In most instances, it’s not a matter of “one or the other” with measurement, but simply, how one is used in relation to the other as necessitated by advertiser need. After all, due to an FTC agreement comScore can for eight years license television and radio data from Nielsen Audio (formerly known as Arbitron). The company more recently integrated vCE into the DoubleClick and Yahoo ad servers.
“If an agency is willing to use multiple vendors, buyers can test and learn [to see] which provides the [best] depth of insight to make the smartest media decisions possible,” commented Robin Zieme, VP of video and trading at cross-channel ad tech company Adconion Direct. “We can only assume both Nielsen OCR and comScore vCE will continue to grow their capabilities as TV and digital video budgets consolidate industry-wide.”
TV and Digital Meet Over Mobile
Many agency clients use marketing mix modeling to justify their respective media expenditures, but the problem is, “they have been built based on TV target rating points input into the system, [which] compare their comps on sales based on what they did a year prior,” said Starcom’s Muszynski. “They say, ‘I’m only at 160. I need to be at 180. My sales are down,’” when in reality, tablets and smartphones are causing incremental pull.
If dollars are invested in a manner that doesn’t account for multi-device viewing, “we are asking for [linear TV] to increase our prices,” he said. “There’s also no incentive for major TV providers to get into the space. It’s not in their best interest to push this agenda, but if they shift with us, the dollars will shift as well.” (As a side note: Nielsen on Monday released an annual Advertising and Audiences report, in which it claims TV viewing is on the rise, at least with American audiences. It’s important to note the cost of the average broadcast prime time spot — $75,000, which is about 10x as much as it was in 2009.)

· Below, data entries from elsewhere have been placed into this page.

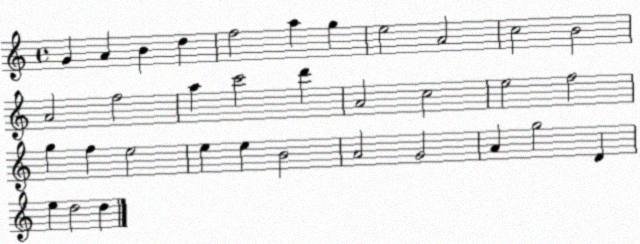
X:1
T:Untitled
M:4/4
L:1/4
K:C
G A B d f2 a g e2 A2 c2 B2 A2 f2 a c'2 d' A2 c2 e2 f2 g f e2 e e B2 A2 G2 A g2 D e d2 d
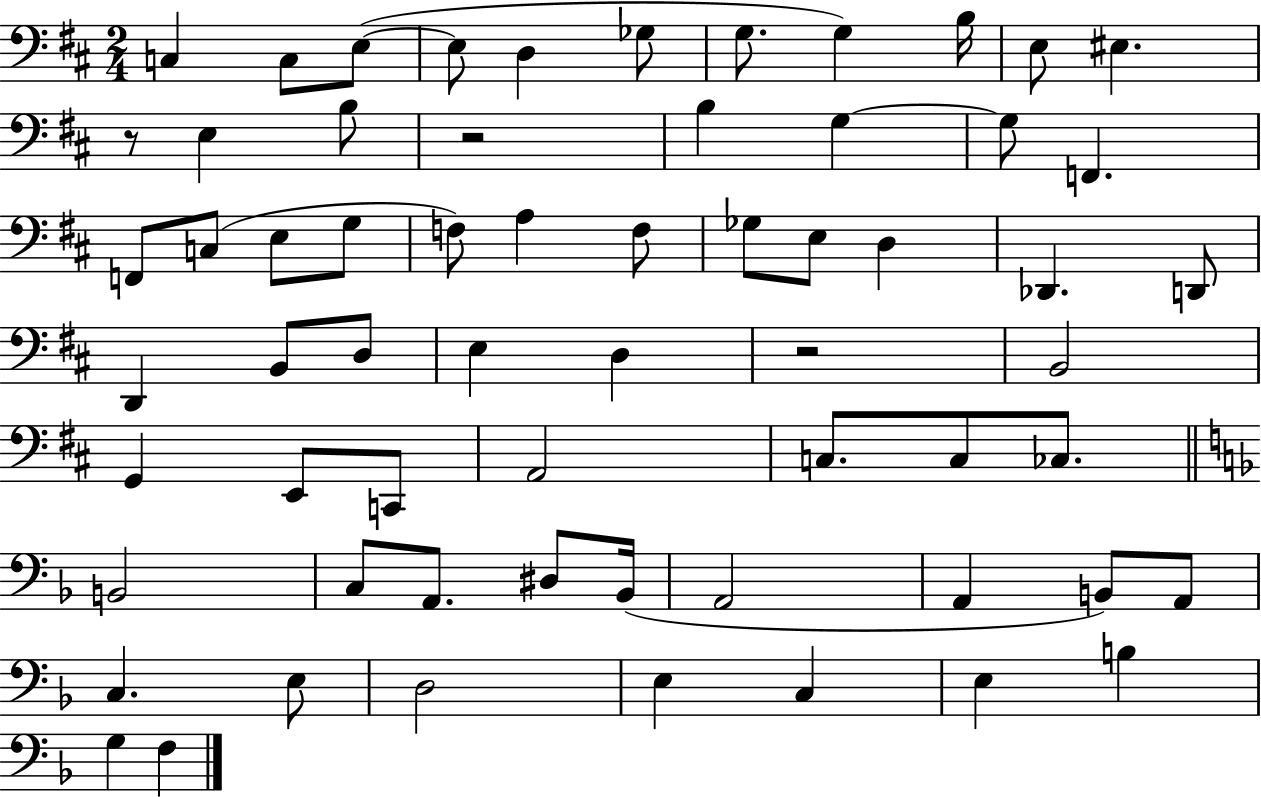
{
  \clef bass
  \numericTimeSignature
  \time 2/4
  \key d \major
  \repeat volta 2 { c4 c8 e8~(~ | e8 d4 ges8 | g8. g4) b16 | e8 eis4. | \break r8 e4 b8 | r2 | b4 g4~~ | g8 f,4. | \break f,8 c8( e8 g8 | f8) a4 f8 | ges8 e8 d4 | des,4. d,8 | \break d,4 b,8 d8 | e4 d4 | r2 | b,2 | \break g,4 e,8 c,8 | a,2 | c8. c8 ces8. | \bar "||" \break \key f \major b,2 | c8 a,8. dis8 bes,16( | a,2 | a,4 b,8) a,8 | \break c4. e8 | d2 | e4 c4 | e4 b4 | \break g4 f4 | } \bar "|."
}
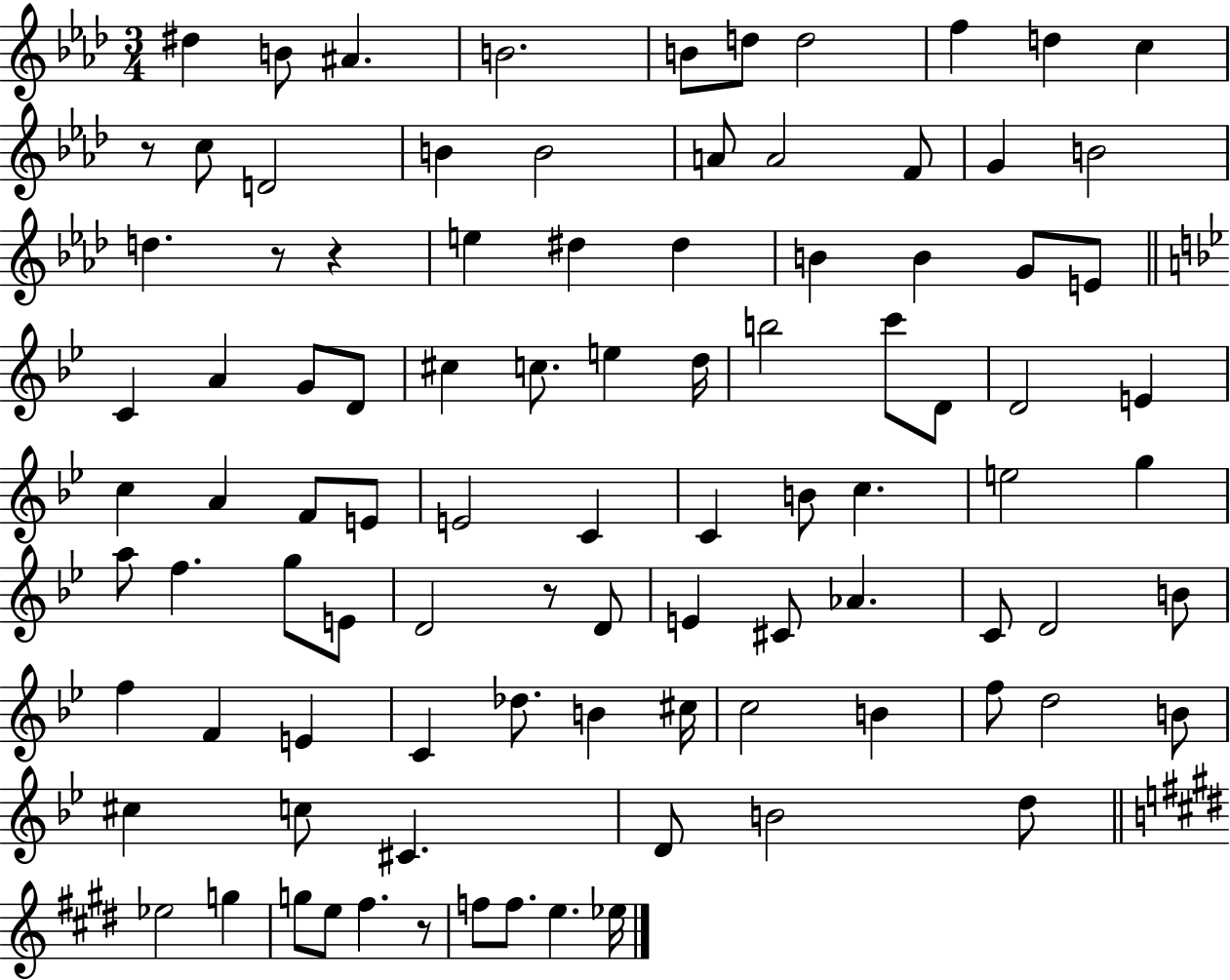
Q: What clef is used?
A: treble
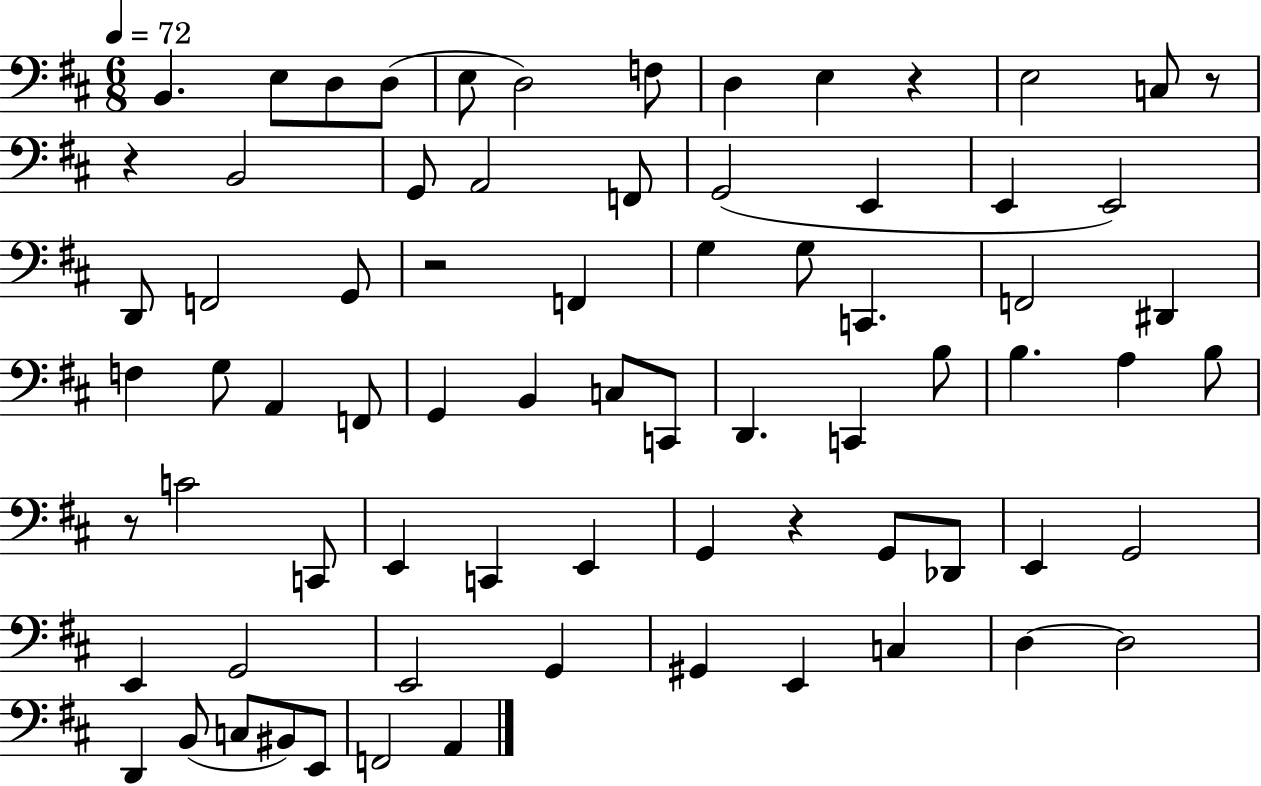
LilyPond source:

{
  \clef bass
  \numericTimeSignature
  \time 6/8
  \key d \major
  \tempo 4 = 72
  b,4. e8 d8 d8( | e8 d2) f8 | d4 e4 r4 | e2 c8 r8 | \break r4 b,2 | g,8 a,2 f,8 | g,2( e,4 | e,4 e,2) | \break d,8 f,2 g,8 | r2 f,4 | g4 g8 c,4. | f,2 dis,4 | \break f4 g8 a,4 f,8 | g,4 b,4 c8 c,8 | d,4. c,4 b8 | b4. a4 b8 | \break r8 c'2 c,8 | e,4 c,4 e,4 | g,4 r4 g,8 des,8 | e,4 g,2 | \break e,4 g,2 | e,2 g,4 | gis,4 e,4 c4 | d4~~ d2 | \break d,4 b,8( c8 bis,8) e,8 | f,2 a,4 | \bar "|."
}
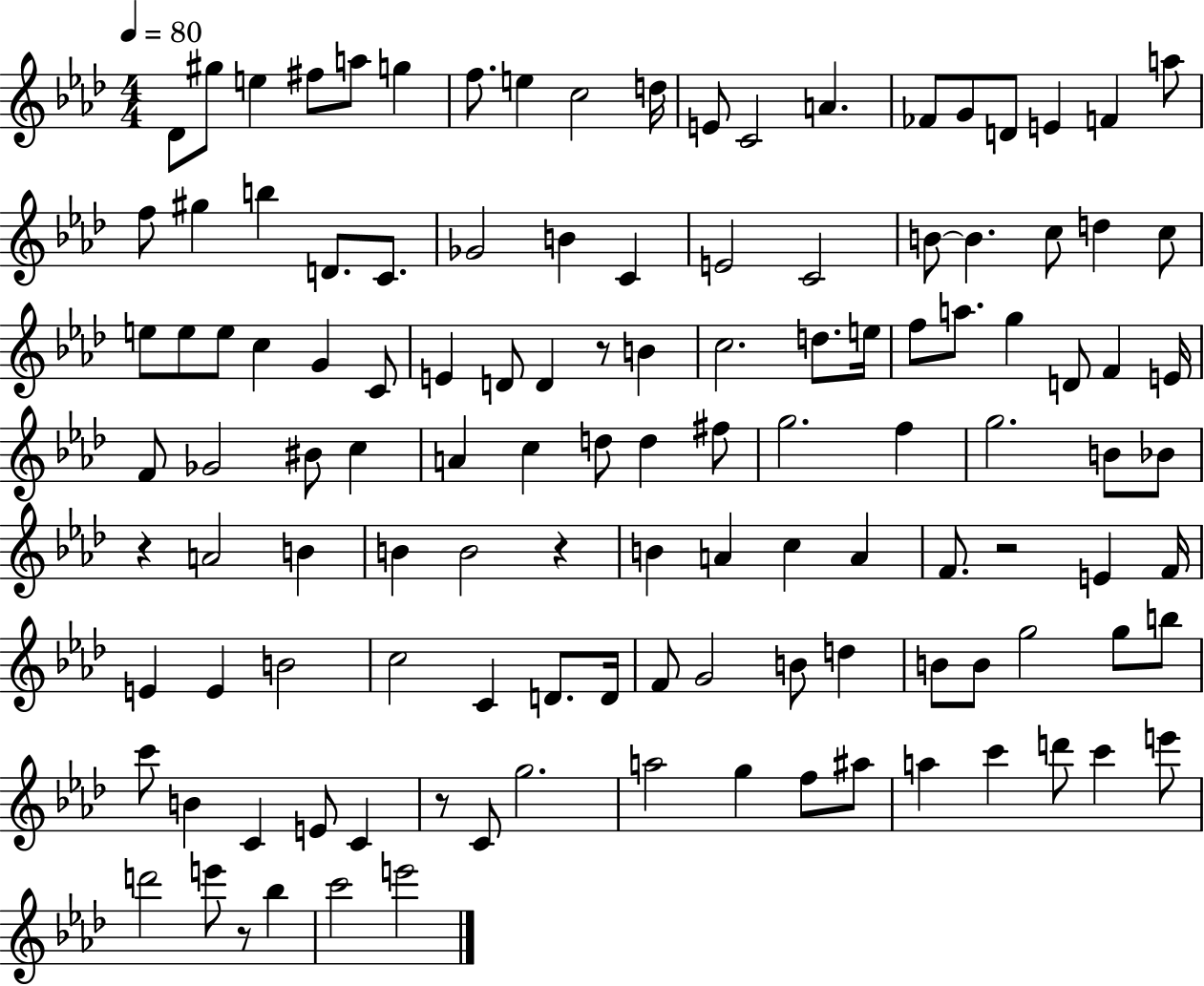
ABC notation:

X:1
T:Untitled
M:4/4
L:1/4
K:Ab
_D/2 ^g/2 e ^f/2 a/2 g f/2 e c2 d/4 E/2 C2 A _F/2 G/2 D/2 E F a/2 f/2 ^g b D/2 C/2 _G2 B C E2 C2 B/2 B c/2 d c/2 e/2 e/2 e/2 c G C/2 E D/2 D z/2 B c2 d/2 e/4 f/2 a/2 g D/2 F E/4 F/2 _G2 ^B/2 c A c d/2 d ^f/2 g2 f g2 B/2 _B/2 z A2 B B B2 z B A c A F/2 z2 E F/4 E E B2 c2 C D/2 D/4 F/2 G2 B/2 d B/2 B/2 g2 g/2 b/2 c'/2 B C E/2 C z/2 C/2 g2 a2 g f/2 ^a/2 a c' d'/2 c' e'/2 d'2 e'/2 z/2 _b c'2 e'2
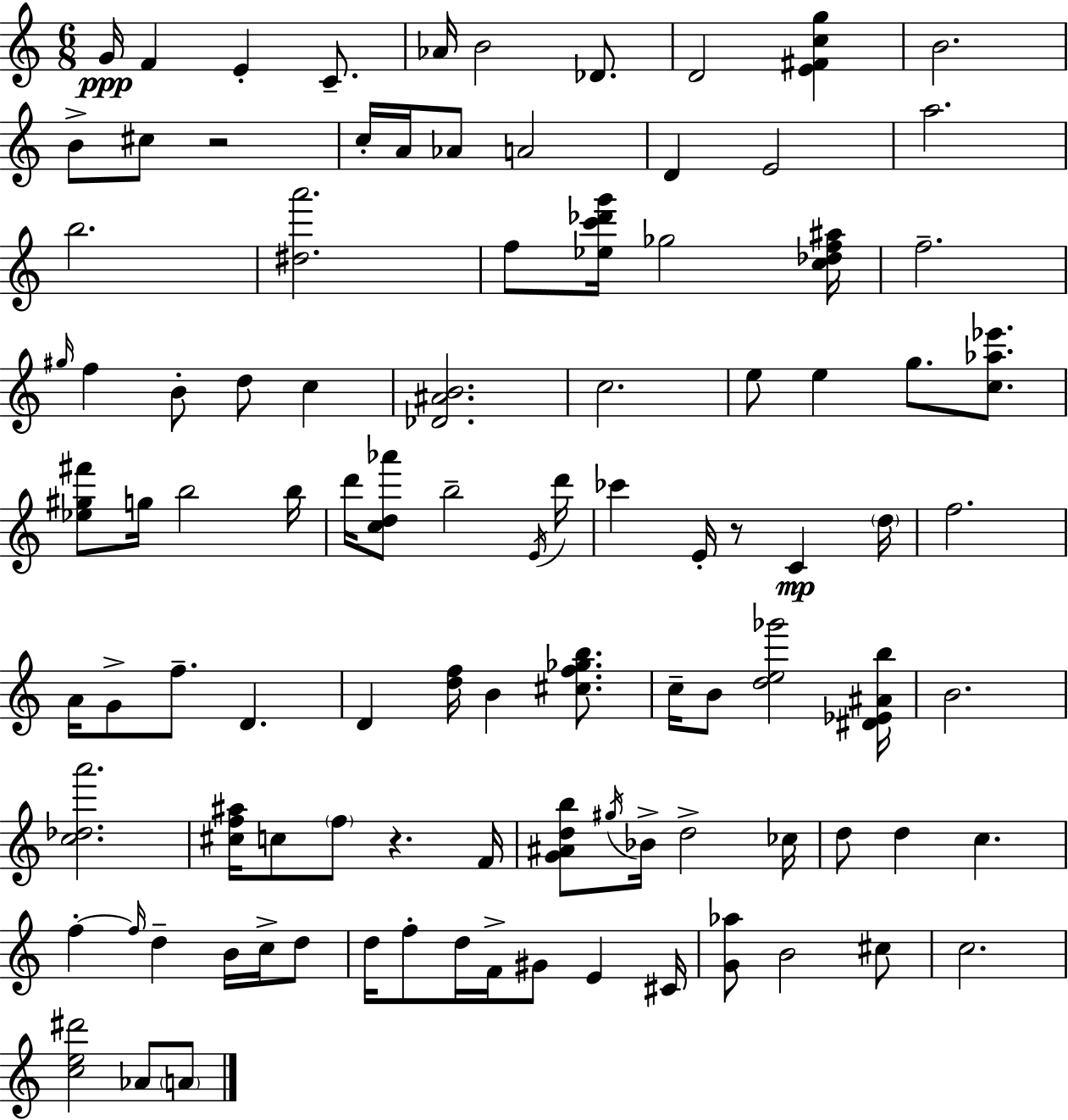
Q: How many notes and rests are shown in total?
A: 100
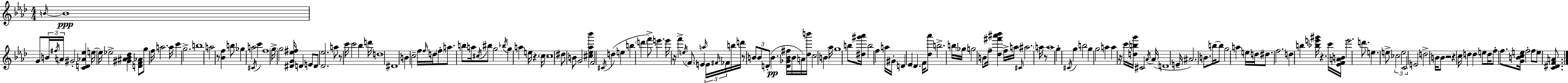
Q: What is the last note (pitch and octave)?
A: E5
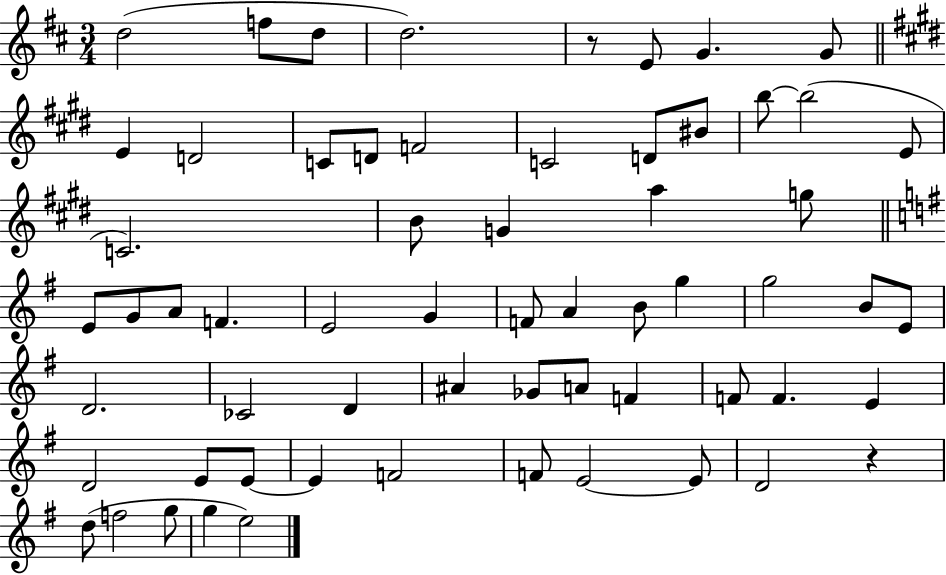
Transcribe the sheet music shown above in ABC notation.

X:1
T:Untitled
M:3/4
L:1/4
K:D
d2 f/2 d/2 d2 z/2 E/2 G G/2 E D2 C/2 D/2 F2 C2 D/2 ^B/2 b/2 b2 E/2 C2 B/2 G a g/2 E/2 G/2 A/2 F E2 G F/2 A B/2 g g2 B/2 E/2 D2 _C2 D ^A _G/2 A/2 F F/2 F E D2 E/2 E/2 E F2 F/2 E2 E/2 D2 z d/2 f2 g/2 g e2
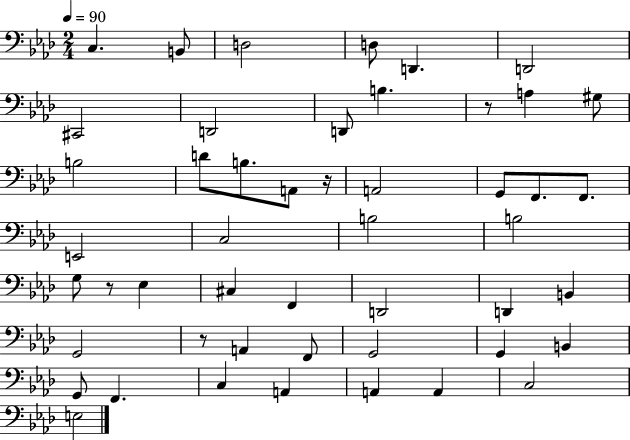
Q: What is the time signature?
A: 2/4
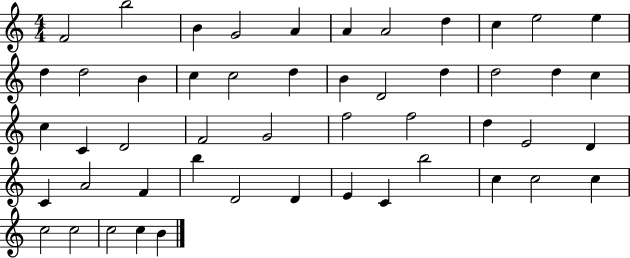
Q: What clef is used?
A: treble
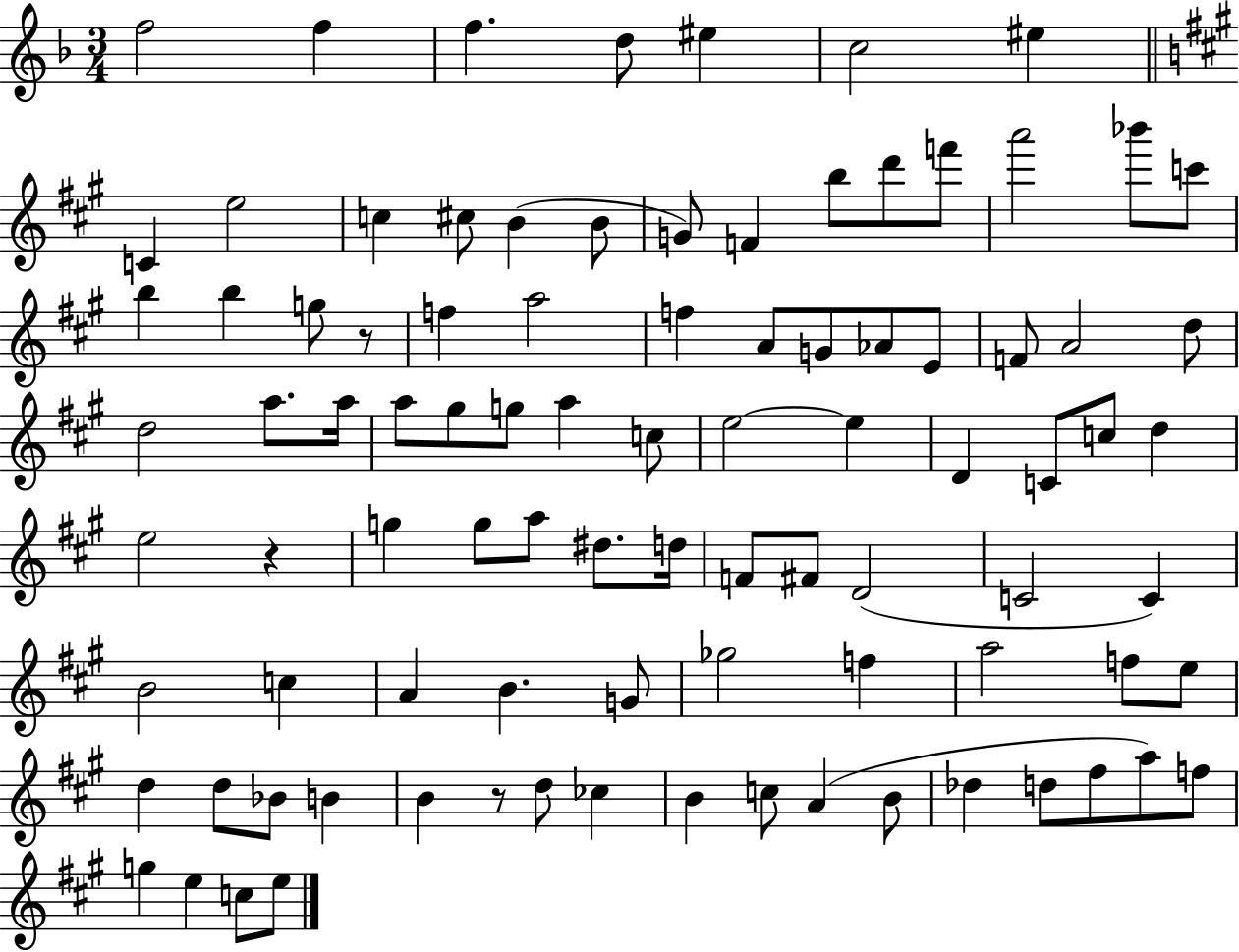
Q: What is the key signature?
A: F major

Mobile will be the impetus for networks and advertisers to push dollars and campaign measurement cross-platform. There are already signs of greater collaboration between the TV networks and measurement companies in this regard. Take, for instance, Nielsen and NBCUniversal teaming up on a “three-screen” pilot to measure ad exposure during the winter Olympics across TV, mobile and desktop.
Although NBC has not yet released results of the pilot, the network used a combination of Nielsen Cross-Platform Campaign Ratings, mobile OCR (which will be available for wide release in Q3) and TV ratings to measure incremental reach, frequency and GRP for age and gender across TV and digital.
“In a couple of years, you will see marketers using the OCR system to measure media no matter where it goes,” said Steve Hasker, president of global product leadership at Nielsen, recently at a recent video summit hosted by BrightRoll. “We want to make sure the products become more granular and its utility rises – that we’re not just creating some blanket currency.”
As of Oct. 1, Nielsen TV ratings will include mobile viewing and “with every campaign you run with OCR, you can optimize and build out your own data repositories,” Hasker added. The data question is critical to marketers and agencies, namely – how much access will they have?
“In terms of delivery of data, it’s walk before run,” said Manish Bhatia, CRO for comScore, who was formerly president of advanced digital services at Nielsen. “We do custom runs for ad campaigns and fully realize information is a perishable commodity so speeding up data delivery is a key component of that.”